Early flight tests have just completed successfully

Dec 6, 2011 10:10 GMT  ·  By

In 2013 and 2014, three locations above the Pacific Ocean will receive the visit of the NASA Airborne Tropical Tropopause Experiment (ATTREX). The multi-year science mission's goal is to analyze the chemical composition of the air currently making its way into the tropopause.

Other factors, such as humidity, will also be taken into account in this research, the team behind ATTREX reveals. Understanding how air moves in this layer of the atmosphere, and how it influences other processes, is essential to figuring out how these phenomena will influence the world's climate.

Before deploying the airborne science expedition, NASA had to conduct a series of test flights, whose role is to set the stage for the deployment of the larger scientific fleet. These flights were completed successfully, between October 20 and November 10.

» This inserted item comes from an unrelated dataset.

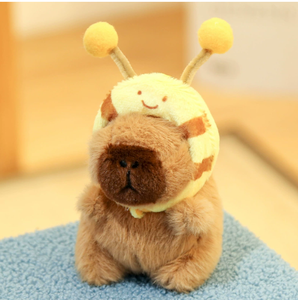 Nuevo XS Capybara llavero de felpa travestismo mochila comida hamburguesa patatas fritas pirata Chef Croissant sombrero de abeja juguetes de animales forro de malla - Product Image 6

The reason why experts decided to conduct ATTREX in the first place was that changes in stratospheric humidity are very important to Earth's climate. In fact, they have similar levels of importance in influencing planetary warming as the greenhouse gases humans release into the atmosphere.

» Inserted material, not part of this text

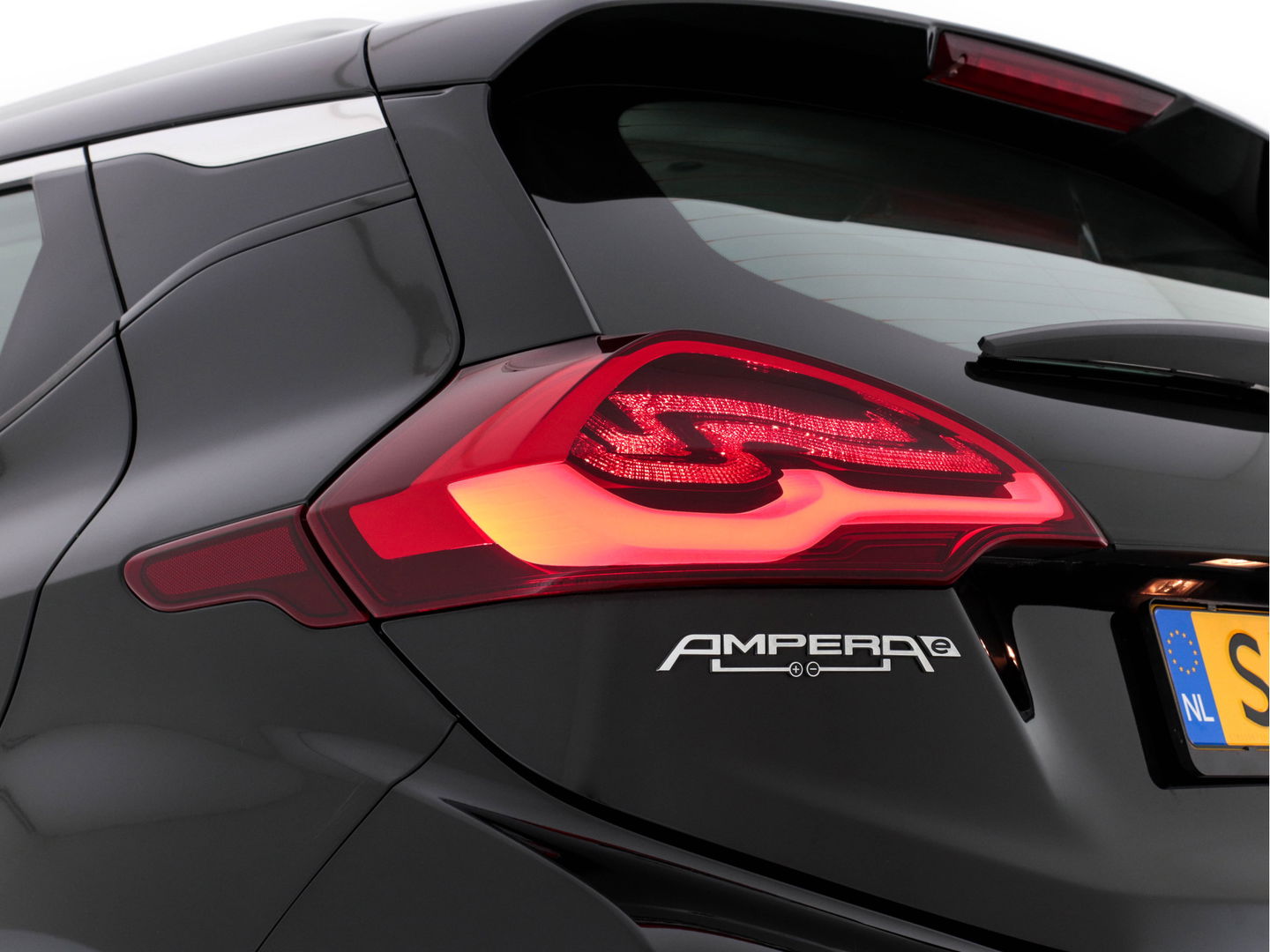 Opel Ampera-E Business Executive 60 kWh (INCL-BTW)  Aut. *LUXURY-LEATHER | BOSE-SOUNDSYSTEM | DIGI-COCKPIT | KEYLESS | CCS-FASTLOADER | FULL-LED | DAB | NAVI-FULLMAP | CRUISE | CARPLAY | LANE-ASSIST | COMFORT-SEATS | 17"ALU*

“These were test flights, although we did get science-quality data, including samples from tropical thin cirrus clouds at about 55,000 feet altitude. These clouds regulate water vapor in the lower tropical stratosphere, which is important for Earth's radiation balance,” Leonhard Pfister explains.

The expert, who holds an appointment as the deputy principal investigator of the ATTREX mission, is based at the NASA Ames Research Center (ARC), in Moffett Field, California. The test flights were conducted above the Edwards Air Force Base (EAFB), also in California.

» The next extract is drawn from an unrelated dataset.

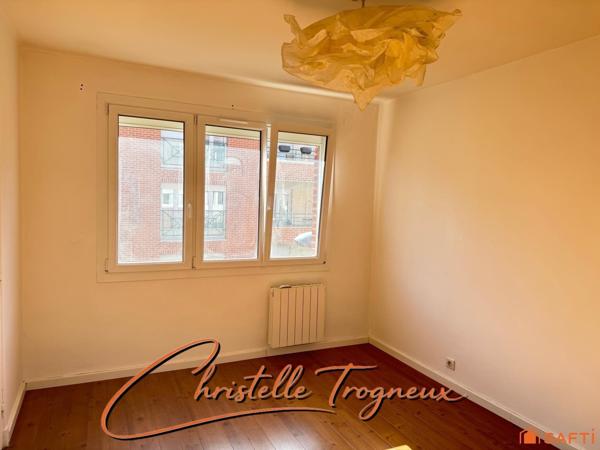 Appartement centre ville dans rue calme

The reason why investigators had to carry them out in the first place was to assess the performances of a complex suite of 11 scientific instruments. All were installed aboard one of the two Global Hawk unmanned aerial vehicles (UAV) NASA operates.

Experts from four NASA centers and the Jet Propulsion Laboratory, the National Oceanic and Atmospheric Administration (NOAA), the National Center for Atmospheric Research (NCAR), three universities and the private industry are conducting ATTREX.

The investigation may very well lead to discovering previously unknown natural processes occurring in the tropopause, which may be modified in order to decrease their influence on global warming. In other words, they could be used in geoengineering schemes.

ATTREX will begin in January 2013, and will be reiterated in January and June 2014. The mission is part of the NASA Earth System Science Pathfinder program.